### HOW TO COMPLETE THIS TASK:
What is needed is a word-for-word copy of the lines below from the one with "Jaket Hoodie Anak" through the one with "Set 6 (Black,Gray,Red), variant", both included, with every picture left out.

### DATA SHOWN:
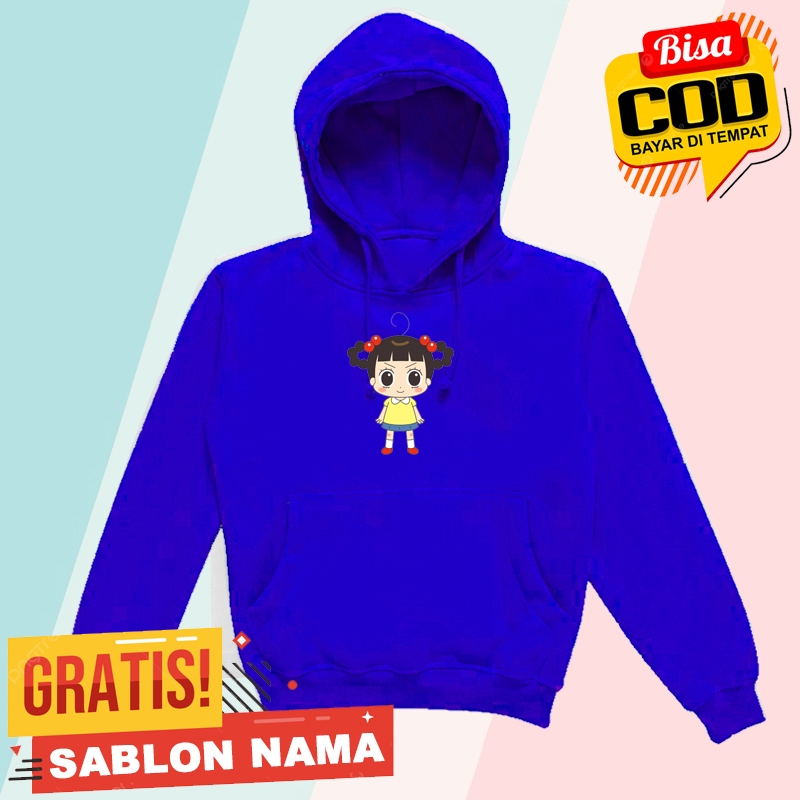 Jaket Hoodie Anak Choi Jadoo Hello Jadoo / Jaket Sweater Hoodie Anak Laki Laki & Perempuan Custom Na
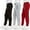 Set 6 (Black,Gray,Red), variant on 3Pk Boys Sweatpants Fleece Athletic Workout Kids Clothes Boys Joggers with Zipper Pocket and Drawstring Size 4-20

* * *

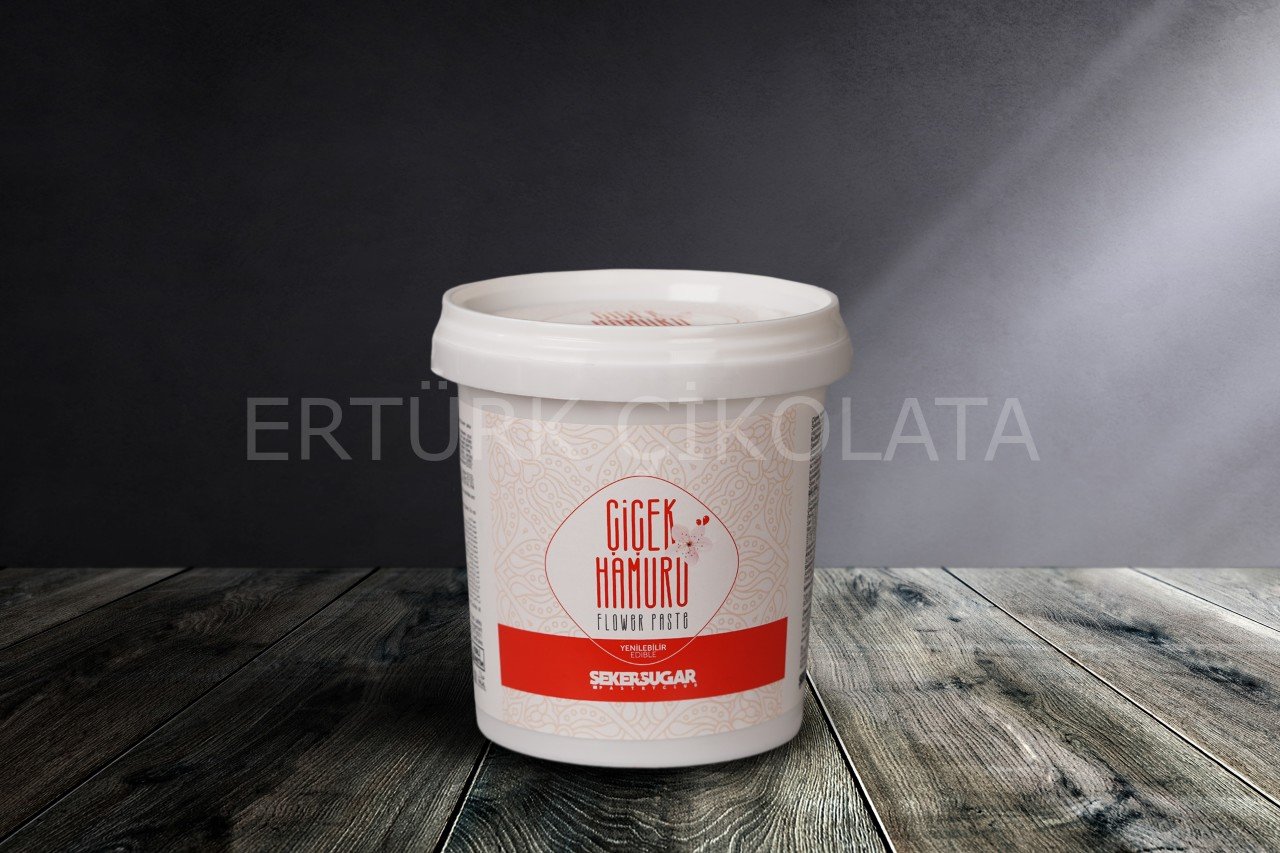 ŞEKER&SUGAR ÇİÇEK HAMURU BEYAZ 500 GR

### EXERCISE SOLUTION:
 Jaket Hoodie Anak Choi Jadoo Hello Jadoo / Jaket Sweater Hoodie Anak Laki Laki & Perempuan Custom Na
 Set 6 (Black,Gray,Red), variant on 3Pk Boys Sweatpants Fleece Athletic Workout Kids Clothes Boys Joggers with Zipper Pocket and Drawstring Size 4-20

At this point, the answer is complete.